The evacuations ended but the fighting did not. On 21 May 2023, Rapid Support Forces fighters in about 20 trucks tried to cross the Nile on a bridge east of Wadi Seidna to reach the airfield. Heavy SAF artillery stopped them. The RSF pressure on the base would continue for years. On 21 March 2024, an RSF kamikaze drone destroyed a Sudanese Air Force C-130H Hercules as it was taxiing on the Wadi Seidna runway - a significant blow to the SAF's transport capability, since the aircraft was one of very few such transports the Sudanese Air Force still possessed.
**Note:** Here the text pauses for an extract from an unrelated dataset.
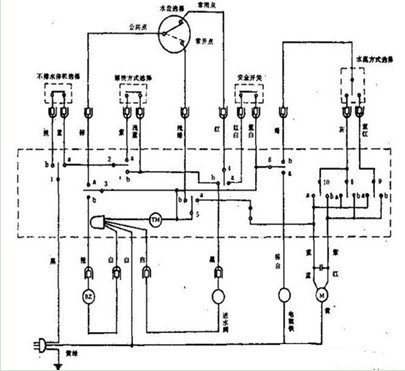 全自动洗衣机原理电路图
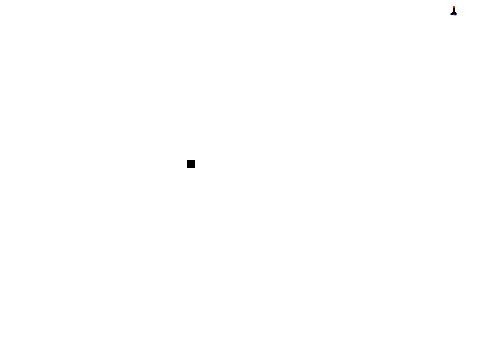 Useful Scripts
On 25 February 2025, a Sudanese Air Force Antonov An-26 transport aircraft crashed in Omdurman shortly after takeoff from Wadi Seidna, killing at least 46 people. Among the dead was Major General Bahr Ahmed, a senior commander in the Khartoum area. The crash's cause was not immediately determined, but the broader context of drone warfare and attrition on SAF aircraft fleet suggested that Wadi Seidna operations had become genuinely dangerous.
The history of Wadi Seidna tells you something about what air bases are, in the end. They are flat ground and pavement. They are fuel storage and ordnance bunkers. They are, more importantly, access: the place where the outside world can reach this particular piece of geography, and vice versa. For eighteen months in 1942-44, the outside world was the Allied war effort, and the pavement flowed Hurricanes and Dakotas to the Eastern Mediterranean and beyond. For seventy-two hours in April 2023, the outside world was desperate foreign embassies, and the pavement flowed C-130s and A400Ms in the other direction, carrying out the civilians the war had stranded. For the SAF pilots and mechanics who have kept Wadi Seidna operational since April 2023, it has been both the last functioning major military airfield near the capital and a constant target. The runway remains. The war continues. What the base has done before, it will probably do again.
Wadi Seidna Air Base sits at 15.818°N, 32.516°E, 22 km north of central Khartoum and 1.5 km west of the Nile River. The Khartoum VOR-DME (identifier KTM) is located 15.2 nautical miles south of the base. Wadi Seidna is under the operational control of the Sudanese Air Force and became internationally prominent as the 2023 evacuation hub for foreign nationals. Airspace around Khartoum has been subject to significant restrictions since April 2023. The base's position on the west bank of the Nile gives it tactical distance from the central Khartoum combat zones while keeping it connected to the river's north-south axis through Sudan.